But what I’ve come to learn — slowly, painfully — is this:
Some pain doesn’t pass. Some pain teaches
The breakup that shattered you may never be “over 💔.” The loss of a loved one may always leave an empty seat in your heart.😭 The mistake you made might continue to echo in your mind from time to time.
But those things don’t mean you’ve failed to heal.
They mean you’ve learned to live with what once tried to break you.
That’s not weakness. That’s resilience.
That’s transformation.
We are fond of the concept of healing as an arc. An increasing graph of pain to peace. A consistent process of fracture to complete.
The process of healing is ugly. It’s circular.
You have some days when you feel very strong, powerful, and beautiful.
On other days you think that you have stepped ten steps back.
And on those days, when someone throws out to you, this too shall pass, it may be like an insult.
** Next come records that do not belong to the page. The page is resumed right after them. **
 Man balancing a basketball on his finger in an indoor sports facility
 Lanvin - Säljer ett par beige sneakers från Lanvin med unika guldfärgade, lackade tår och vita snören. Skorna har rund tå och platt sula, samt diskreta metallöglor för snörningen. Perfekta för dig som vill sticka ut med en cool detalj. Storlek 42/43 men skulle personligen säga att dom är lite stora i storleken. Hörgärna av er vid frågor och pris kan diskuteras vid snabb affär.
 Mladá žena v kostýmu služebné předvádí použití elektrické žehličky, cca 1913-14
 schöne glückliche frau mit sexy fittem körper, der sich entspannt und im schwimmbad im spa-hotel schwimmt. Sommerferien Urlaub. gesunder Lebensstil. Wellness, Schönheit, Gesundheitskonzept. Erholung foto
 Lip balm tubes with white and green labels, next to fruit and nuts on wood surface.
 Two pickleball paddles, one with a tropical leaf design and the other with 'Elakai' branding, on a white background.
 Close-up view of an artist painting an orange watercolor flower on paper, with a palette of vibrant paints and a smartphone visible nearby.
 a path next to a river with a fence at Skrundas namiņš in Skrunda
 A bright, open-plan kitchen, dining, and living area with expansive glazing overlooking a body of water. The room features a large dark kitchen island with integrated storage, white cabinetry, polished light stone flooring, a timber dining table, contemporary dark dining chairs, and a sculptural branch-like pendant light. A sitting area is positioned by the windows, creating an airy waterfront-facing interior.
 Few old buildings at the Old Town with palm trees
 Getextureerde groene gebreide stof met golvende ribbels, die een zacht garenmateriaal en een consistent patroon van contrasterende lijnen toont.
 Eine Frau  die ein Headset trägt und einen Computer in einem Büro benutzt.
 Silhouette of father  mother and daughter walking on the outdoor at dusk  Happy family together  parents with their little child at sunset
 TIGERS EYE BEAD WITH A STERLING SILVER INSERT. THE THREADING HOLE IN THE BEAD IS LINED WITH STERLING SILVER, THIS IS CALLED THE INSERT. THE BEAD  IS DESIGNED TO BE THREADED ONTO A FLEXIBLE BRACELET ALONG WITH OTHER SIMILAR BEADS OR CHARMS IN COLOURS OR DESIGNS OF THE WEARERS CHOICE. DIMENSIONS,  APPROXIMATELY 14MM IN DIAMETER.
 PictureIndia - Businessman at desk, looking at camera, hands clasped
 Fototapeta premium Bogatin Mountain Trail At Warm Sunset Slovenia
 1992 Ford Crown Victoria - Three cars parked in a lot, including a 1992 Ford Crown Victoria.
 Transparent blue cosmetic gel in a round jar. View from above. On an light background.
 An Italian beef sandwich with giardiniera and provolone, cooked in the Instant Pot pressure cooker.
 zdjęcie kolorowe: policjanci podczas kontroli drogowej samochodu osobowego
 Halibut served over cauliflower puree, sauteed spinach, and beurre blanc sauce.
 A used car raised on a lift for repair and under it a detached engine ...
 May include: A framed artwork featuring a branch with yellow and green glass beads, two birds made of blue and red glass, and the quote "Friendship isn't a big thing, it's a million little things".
As though they do not care about how deep your experience is.
However, what if we put the quote in a different light?
But what happens when this too shall pass is not an indication that the pain will go away?
Suppose that it means you will learn to carry it?
What if it means that one day, this moment will not seem so all-consuming, not because it is over, but because you are not the same?
Perhaps the saying that this too shall pass is not a promise of relief.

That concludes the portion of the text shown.